Pullum mentions some other examples where a Duke of York gambit might even seem part of the obviously preferable analysis. In Nootka, according to Campbell (1973), there is a phonological rule of assimilation that turns /k/ into /kʷ/ immediately after /o/, and there is another phonological rule of word-final delabialization that turns /kʷ/ into /k/ in word-final position. And, in word-final position, the sequence /-ok/ appears and the sequence /-okʷ/ does not appear. If the word-final delabialization rule applies before the assimilation rule, then we would expect instead to find the sequence /-okʷ/ to the exclusion of /-ok/ in word-final position.

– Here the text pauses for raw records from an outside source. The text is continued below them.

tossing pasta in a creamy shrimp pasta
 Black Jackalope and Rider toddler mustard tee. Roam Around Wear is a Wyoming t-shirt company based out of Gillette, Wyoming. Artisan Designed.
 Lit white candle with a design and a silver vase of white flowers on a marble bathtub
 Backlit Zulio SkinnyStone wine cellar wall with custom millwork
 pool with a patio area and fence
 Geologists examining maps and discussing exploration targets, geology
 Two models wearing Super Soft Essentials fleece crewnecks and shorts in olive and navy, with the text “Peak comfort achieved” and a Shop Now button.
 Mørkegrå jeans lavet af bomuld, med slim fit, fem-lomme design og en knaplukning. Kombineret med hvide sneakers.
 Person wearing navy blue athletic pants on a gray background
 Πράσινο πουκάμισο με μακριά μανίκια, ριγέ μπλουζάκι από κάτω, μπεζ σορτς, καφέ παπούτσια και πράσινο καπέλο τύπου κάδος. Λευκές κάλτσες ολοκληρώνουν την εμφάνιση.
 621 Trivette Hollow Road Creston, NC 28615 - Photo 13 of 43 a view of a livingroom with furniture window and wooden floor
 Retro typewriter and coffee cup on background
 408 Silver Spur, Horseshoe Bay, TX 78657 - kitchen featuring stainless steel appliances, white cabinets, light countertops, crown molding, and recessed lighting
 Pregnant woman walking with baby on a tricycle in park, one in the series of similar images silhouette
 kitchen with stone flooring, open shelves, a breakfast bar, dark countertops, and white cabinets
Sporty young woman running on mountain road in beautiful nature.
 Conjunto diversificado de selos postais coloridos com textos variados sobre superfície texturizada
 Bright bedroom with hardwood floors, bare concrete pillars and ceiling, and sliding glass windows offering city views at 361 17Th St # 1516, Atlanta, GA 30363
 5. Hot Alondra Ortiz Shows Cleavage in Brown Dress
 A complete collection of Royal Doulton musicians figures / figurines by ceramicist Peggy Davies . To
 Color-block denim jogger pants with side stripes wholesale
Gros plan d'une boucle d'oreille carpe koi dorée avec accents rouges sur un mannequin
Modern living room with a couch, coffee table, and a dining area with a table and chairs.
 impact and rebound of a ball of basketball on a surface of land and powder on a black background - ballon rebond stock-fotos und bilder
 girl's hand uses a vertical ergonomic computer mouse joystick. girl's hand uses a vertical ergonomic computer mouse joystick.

The only possible analysis, if the rules are to be ordered, is to have assimilation before word-final delabialization: but this means that word-final /-ok/ undergoes the Duke of York derivation /-ok/ → /-okʷ/ → /-ok/. And the use of a model with ordered rules is not essential here, because a Duke of York derivation is obtained even in a very natural model with unordered rules: if we say that rules apply at any point that they can apply but they only apply at most once, then we again have that word-final /-ok/ is susceptible to the assimilation rule (but not the delabialization rule), so /-ok/ becomes /-okʷ/, but then /-okʷ/ is susceptible to the delabialization rule (but not the assimilation rule), so /-okʷ/ becomes /-ok/. One could propose that the assimilation rule is restricted in its application to the non-word-final environment. But this is peculiar: why should a progressive assimilation rule pay any heed to whether there is a word boundary after the assimilating segment? Any way of accounting for such a restriction could easily involve making complicated assumptions which would make the Duke of York gambit analysis preferable by Ockham’s Razor.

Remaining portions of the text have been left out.